More LPTVs Seek Spectrum Auction Stay

Federal court hears from third group seeking to delay March 29 start

With the FCC having just denied their spectrum auction stay request, a trio of LPTV owners not eligible for the upcoming auction have joined the parade marching to federal court asking it to delay the March 29 launch of the Spectrum auction

Those are joint petitioners Free Access & Broadcast Telemedia, LLC (FAB), Word of God Fellowship, Inc. and Mako Communications, LLC.

Actually the bidding won't begin until early May. but given that the court didn't schedule oral argument on this or other underlying challenges to the auction until early May, the parties say the FCC should not be allowed to start the auction, potentially, without them.

"Because briefing is complete and argument will be heard in eight weeks a stay of limited duration is both necessary to protect Joint Petitioners from irreparable harm and manifestly in the public interest," they told the court.

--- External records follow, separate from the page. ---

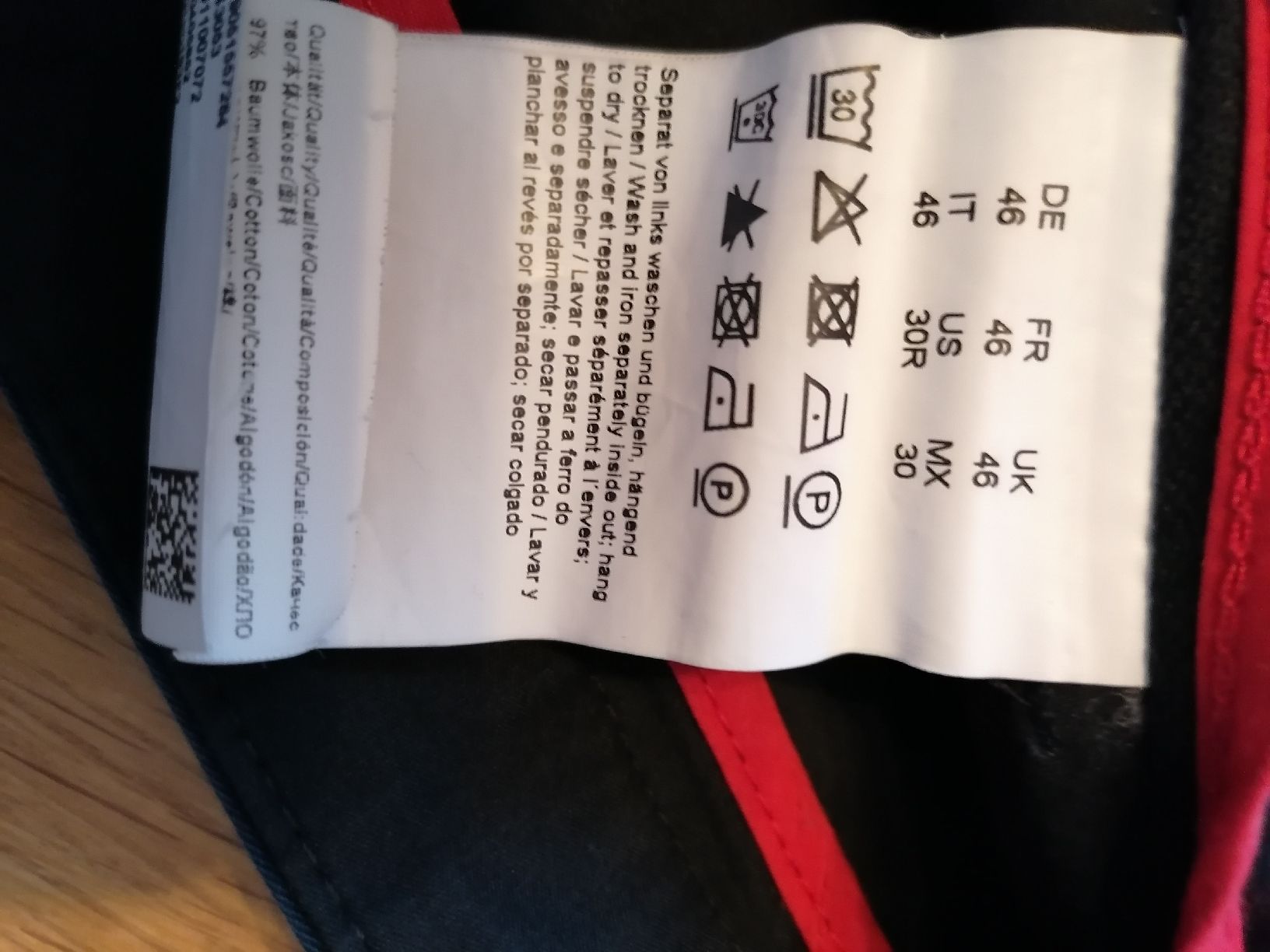 Pantaloni: Hosen Hugo Boss  – Usato da Adliswil venduto da Romanista1927 5
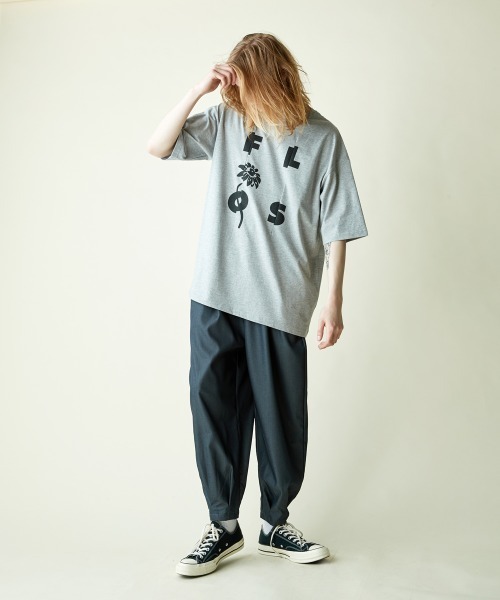 rehacer（レアセル）の「rehacer : Tuck Logo Wide CS / タックロゴ ワイド カットソー（Tシャツ/カットソー・メンズ・ホワイト/ブラック/グレー/ネイビー/グリーン・SMALL/MEDIUM/LARGE/X-LARGE）」の11枚目の写真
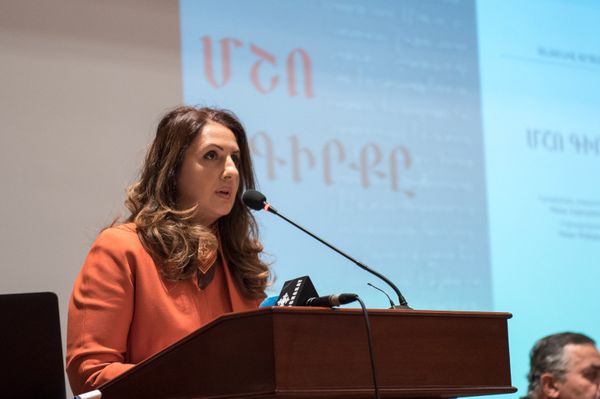 Презентация Книги Мшо Антониа Арслан  - Sputnik Արմենիա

They argue that they are likely to get a favorable court ruling because the FCC's decision to exclude LPTVs from the auction stemmed largely "from the agency’s desire to clear-cut the television spectrum band, maximizing the spectrum to be sold to new licensees."

The FCC has said that adding back the LPTV's would reduce the spectrum that could be cleared for wireless, which it said was not in the public interest. But it also pointed out that Congress did not require LPTVs in the auction or protect them in the repack, so, it argues, it is on solid ground.

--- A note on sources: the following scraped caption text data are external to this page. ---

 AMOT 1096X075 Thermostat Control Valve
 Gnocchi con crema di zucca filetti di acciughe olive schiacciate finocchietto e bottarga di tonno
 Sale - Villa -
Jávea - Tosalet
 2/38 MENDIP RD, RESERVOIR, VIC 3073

FAB et al. join Latina Broadcasters of Daytona Beach and Videohouse in seeking a stay of the auction. Latina would prefer the court stay the FCC's 11th hour, and it says unfair and inaccurate, decision that it was not eligible (), but absent that wants the delay.

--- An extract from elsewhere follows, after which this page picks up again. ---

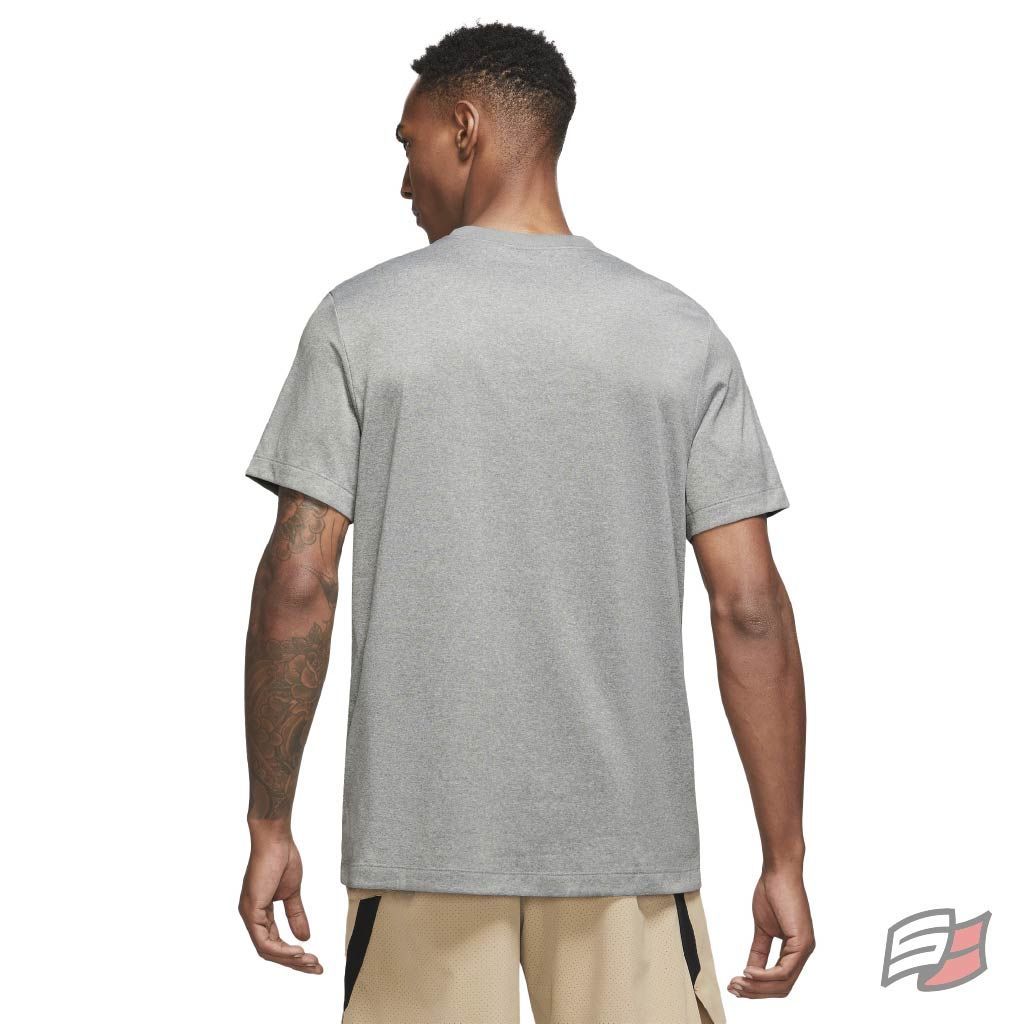 Nike dri-fit legend tshirt men's Sports Contact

They all have underlying challenges to the FCC's auction framework that the court will be hearing arguments on, but not until after March 29.

The FCC said in denying the FAB et al. stay request Thursday (March 10), as it did in denying the Latina and Videohouse requests, that they are unlikely to win their underlying cases, that not granting a stay would not irreparably harm them, and that staying the auction until their challenges were resolved would hurt the public interest.

"The beginning of the auction is now only three weeks away," the FCC said in denying the stay request. "The Court has scheduled oral argument in May and will need time after that to reach a decision. In addition to the harms described above, a stay would extend the quiet period that is now in effect for both the reverse and forward auctions,35 which limits the types of discussions that would otherwise take place between and among broadcasters and prospective forward auction bidders.36 Moreover, delaying the auction until all reviews and appeals are final would not be justified by rule or precedent and would be inconsistent with Congress’s goals in enacting the Spectrum Act."